Exactly as written, copy the lines of the data below from the first through the one containing "Toddler boy Toms".

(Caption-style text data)
Content starts

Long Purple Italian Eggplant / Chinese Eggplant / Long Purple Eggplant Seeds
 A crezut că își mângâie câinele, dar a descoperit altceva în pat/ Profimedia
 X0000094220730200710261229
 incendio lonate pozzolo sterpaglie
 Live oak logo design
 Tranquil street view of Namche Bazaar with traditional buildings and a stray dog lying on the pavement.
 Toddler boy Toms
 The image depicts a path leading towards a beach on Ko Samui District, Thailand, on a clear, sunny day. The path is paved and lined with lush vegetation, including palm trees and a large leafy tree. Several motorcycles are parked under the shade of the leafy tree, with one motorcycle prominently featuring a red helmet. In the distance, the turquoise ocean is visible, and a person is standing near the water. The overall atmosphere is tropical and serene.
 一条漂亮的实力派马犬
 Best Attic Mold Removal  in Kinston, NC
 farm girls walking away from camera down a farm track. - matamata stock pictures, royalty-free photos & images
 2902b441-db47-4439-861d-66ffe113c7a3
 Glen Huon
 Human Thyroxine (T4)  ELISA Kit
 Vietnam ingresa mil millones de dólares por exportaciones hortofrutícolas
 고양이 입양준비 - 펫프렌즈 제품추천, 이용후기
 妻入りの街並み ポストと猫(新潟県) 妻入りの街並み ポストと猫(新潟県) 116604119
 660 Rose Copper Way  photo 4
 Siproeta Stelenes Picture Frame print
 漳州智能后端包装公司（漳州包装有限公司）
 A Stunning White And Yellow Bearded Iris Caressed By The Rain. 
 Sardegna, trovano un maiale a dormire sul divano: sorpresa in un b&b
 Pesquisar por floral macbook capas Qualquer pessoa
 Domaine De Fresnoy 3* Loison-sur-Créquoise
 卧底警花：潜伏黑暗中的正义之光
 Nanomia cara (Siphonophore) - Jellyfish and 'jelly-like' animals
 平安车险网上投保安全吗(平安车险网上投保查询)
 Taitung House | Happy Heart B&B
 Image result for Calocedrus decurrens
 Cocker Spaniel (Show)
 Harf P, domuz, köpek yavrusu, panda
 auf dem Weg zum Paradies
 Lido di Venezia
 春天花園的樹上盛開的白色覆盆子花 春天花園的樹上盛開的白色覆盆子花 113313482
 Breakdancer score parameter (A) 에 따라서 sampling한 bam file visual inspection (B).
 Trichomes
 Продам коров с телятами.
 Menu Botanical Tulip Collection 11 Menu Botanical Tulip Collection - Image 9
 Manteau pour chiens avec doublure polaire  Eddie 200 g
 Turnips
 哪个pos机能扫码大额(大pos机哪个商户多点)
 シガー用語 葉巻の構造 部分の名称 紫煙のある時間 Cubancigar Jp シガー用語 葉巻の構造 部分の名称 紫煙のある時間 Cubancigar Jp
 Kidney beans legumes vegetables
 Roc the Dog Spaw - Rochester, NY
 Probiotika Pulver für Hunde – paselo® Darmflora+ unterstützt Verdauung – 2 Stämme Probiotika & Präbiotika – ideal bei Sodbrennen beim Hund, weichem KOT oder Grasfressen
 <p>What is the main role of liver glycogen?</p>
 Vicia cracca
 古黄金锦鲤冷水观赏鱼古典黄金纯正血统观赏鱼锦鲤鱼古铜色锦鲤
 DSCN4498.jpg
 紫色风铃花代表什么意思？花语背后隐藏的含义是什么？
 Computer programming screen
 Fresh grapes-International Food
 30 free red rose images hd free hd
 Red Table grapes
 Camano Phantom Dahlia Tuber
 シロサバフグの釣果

Content ends

** Reply **
Long Purple Italian Eggplant / Chinese Eggplant / Long Purple Eggplant Seeds
 A crezut că își mângâie câinele, dar a descoperit altceva în pat/ Profimedia
 X0000094220730200710261229
 incendio lonate pozzolo sterpaglie
 Live oak logo design
 Tranquil street view of Namche Bazaar with traditional buildings and a stray dog lying on the pavement.
 Toddler boy Toms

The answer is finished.